Photographic Memory and Good Spelling
Some people naturally find spelling easy. They have what is know as a photographic memory for written words. When they see a word written they are impressed not only with its meaning but with its very shape. They see it in their minds' eye.
Although some professionals believe that photographic memory is a myth, there has also been evidence to show that photographic memory is a real phenomenon. A woman who was studied by Charles Stromeyer was capable of remembering poetry that had been written in a different language. Photographic memory is a rare element that is found in less than 10% of the population.
Other people just as naturally have no visual or photographic memory of this sort, although they may have a wonderful memory for the sound of a spoken word and perhaps quick and fine perception of a word's inner meaning. To such people spelling errors will be all too easy.
Dyslexia is a learning disability that mainly affects reading and spelling. Common features of dyslexia include spelling errors (‘nock’ for ‘knock’; ‘jerney’ for ‘journey’); mixing upper and lowercase letters in writing (for example: ‘numBers’), and confusing letters like ‘b’ and ‘d’. Dyslexia is caused by the poor photographic memory, or a kind of deficiency of photographic memory.
English is a most unkind language. So many of its words are not written at all as they are spoken. So many of its letters are silent, so many have sounds that vary from one word to another, and there are so many rules continually broken, that unless you have a strong photographic memory you are almost certain to make some spelling errors in English.

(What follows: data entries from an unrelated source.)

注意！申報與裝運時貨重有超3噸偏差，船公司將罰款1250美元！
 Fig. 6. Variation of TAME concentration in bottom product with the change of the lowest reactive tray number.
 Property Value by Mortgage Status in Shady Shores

For instance, very often double consonants have the same sound as a single consonant. gh may have the same sound as g (ghastly), or c as ch (chaos), or t as th (thyme). The famous double consonant, ph is pronounced neither like a p nor an h, but like an f (Phyllis). The kind of double consonant that gives most trouble should perhaps be called the twin consonant, bitten, pepper. These words required a strong visual memory.